----- Information shown -----

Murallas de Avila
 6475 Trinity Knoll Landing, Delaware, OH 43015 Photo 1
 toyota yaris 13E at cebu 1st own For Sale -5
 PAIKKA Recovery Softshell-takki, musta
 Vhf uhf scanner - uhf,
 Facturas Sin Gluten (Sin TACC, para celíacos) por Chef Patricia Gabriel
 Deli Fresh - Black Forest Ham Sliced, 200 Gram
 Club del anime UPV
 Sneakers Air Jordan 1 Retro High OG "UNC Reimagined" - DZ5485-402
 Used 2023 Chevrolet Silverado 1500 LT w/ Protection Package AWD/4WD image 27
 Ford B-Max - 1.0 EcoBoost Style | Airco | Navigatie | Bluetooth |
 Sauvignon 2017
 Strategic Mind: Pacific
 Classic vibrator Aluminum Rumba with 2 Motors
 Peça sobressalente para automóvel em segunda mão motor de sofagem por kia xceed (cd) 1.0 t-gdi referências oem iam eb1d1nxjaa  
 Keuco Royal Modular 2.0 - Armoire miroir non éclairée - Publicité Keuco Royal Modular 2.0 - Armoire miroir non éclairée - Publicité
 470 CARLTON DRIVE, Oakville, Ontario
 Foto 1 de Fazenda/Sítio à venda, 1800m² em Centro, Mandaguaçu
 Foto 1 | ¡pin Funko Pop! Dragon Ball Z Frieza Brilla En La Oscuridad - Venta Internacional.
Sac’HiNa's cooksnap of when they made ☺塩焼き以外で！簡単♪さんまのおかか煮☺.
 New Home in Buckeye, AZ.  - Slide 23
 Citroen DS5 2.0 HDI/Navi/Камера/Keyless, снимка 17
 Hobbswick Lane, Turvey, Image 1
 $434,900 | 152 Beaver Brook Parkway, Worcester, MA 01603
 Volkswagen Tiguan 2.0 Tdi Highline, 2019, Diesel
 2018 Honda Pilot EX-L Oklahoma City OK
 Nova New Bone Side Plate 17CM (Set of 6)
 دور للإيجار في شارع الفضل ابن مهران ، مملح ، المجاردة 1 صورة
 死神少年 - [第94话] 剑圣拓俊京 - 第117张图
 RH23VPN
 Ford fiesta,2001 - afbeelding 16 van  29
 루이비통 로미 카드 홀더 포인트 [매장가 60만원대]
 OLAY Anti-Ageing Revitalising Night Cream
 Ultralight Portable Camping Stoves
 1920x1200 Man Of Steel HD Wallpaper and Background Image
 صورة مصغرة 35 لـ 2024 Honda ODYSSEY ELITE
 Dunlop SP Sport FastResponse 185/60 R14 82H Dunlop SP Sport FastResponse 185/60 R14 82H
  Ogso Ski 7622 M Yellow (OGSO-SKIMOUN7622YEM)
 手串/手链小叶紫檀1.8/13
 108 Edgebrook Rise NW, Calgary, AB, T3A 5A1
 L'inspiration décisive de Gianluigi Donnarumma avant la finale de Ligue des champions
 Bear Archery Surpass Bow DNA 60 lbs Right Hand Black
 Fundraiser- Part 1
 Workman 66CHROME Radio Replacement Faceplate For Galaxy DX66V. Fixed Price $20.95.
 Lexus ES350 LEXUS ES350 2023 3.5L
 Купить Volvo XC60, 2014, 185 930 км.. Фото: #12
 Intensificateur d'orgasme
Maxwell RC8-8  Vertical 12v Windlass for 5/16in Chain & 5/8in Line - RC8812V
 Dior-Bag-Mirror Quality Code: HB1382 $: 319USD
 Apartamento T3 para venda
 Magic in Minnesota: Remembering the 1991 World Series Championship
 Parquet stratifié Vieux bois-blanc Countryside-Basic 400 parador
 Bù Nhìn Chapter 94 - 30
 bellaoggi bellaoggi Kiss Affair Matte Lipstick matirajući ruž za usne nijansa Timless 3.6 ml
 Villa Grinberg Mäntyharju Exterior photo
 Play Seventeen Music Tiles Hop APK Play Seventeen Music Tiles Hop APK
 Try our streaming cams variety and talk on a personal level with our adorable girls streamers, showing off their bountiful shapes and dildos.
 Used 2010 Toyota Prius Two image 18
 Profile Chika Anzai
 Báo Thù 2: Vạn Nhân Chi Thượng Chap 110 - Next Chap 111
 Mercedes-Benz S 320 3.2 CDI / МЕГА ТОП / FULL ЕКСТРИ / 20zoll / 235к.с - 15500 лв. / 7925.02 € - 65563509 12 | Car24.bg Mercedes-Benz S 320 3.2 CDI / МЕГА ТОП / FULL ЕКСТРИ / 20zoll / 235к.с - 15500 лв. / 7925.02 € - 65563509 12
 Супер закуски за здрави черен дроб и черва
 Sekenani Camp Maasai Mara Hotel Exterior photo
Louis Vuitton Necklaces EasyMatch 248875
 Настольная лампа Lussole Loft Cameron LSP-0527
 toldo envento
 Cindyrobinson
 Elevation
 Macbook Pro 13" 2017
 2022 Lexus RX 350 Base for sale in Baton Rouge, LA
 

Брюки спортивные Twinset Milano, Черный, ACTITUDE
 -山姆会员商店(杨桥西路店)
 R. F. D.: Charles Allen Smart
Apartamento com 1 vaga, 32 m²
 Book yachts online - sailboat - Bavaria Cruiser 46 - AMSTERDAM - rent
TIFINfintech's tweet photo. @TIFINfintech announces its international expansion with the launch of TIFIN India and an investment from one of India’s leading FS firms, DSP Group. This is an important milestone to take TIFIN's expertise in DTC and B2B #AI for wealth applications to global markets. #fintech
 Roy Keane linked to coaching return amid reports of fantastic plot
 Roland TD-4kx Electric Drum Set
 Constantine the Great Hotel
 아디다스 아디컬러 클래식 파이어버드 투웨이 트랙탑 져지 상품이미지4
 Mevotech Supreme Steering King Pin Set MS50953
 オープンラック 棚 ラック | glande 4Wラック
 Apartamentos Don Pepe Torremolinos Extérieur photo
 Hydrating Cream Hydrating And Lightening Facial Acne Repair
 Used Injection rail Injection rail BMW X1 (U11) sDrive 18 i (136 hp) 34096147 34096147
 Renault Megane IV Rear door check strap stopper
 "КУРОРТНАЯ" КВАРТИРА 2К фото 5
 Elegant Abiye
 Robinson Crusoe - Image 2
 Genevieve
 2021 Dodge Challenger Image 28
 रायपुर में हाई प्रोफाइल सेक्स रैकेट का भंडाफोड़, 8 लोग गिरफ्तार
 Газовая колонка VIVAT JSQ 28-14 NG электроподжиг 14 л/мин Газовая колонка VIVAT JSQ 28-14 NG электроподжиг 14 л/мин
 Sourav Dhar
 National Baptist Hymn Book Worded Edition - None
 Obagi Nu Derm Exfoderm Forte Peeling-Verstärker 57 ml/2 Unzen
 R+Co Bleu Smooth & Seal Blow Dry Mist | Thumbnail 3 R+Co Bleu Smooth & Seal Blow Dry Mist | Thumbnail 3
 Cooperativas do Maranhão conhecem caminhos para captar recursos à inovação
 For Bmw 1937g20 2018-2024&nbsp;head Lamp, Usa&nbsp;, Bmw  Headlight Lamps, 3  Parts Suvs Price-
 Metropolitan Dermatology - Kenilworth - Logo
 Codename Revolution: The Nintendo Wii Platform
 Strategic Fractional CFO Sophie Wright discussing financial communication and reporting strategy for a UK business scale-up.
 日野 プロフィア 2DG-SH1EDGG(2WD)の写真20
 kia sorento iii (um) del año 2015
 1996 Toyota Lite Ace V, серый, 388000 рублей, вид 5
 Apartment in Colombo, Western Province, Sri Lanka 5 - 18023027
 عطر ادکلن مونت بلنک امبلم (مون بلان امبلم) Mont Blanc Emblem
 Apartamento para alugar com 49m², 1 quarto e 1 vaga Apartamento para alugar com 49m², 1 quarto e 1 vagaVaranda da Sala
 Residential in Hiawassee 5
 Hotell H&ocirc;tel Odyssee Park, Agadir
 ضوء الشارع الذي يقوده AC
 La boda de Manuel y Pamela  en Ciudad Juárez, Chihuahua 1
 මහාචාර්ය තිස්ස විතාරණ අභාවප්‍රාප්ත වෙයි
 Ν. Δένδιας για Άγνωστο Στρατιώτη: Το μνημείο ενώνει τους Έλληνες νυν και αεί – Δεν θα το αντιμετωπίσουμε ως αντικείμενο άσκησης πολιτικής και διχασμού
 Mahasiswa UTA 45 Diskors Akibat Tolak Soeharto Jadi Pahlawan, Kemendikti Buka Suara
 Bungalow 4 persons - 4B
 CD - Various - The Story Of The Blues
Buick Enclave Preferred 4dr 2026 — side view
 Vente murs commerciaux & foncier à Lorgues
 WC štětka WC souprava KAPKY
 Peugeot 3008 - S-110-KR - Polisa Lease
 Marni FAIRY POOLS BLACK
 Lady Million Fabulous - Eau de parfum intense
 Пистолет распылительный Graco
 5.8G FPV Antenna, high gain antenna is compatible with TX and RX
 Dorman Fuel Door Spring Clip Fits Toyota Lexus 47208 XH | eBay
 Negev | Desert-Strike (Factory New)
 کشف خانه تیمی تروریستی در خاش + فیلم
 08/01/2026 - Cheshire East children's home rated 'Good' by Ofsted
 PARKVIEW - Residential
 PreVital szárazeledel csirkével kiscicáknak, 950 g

-----

— Task directions —
If a line in the records contains the word "vaga", copy it out.

— Your solution —
Apartamento com 1 vaga, 32 m²
 Apartamento para alugar com 49m², 1 quarto e 1 vaga Apartamento para alugar com 49m², 1 quarto e 1 vagaVaranda da Sala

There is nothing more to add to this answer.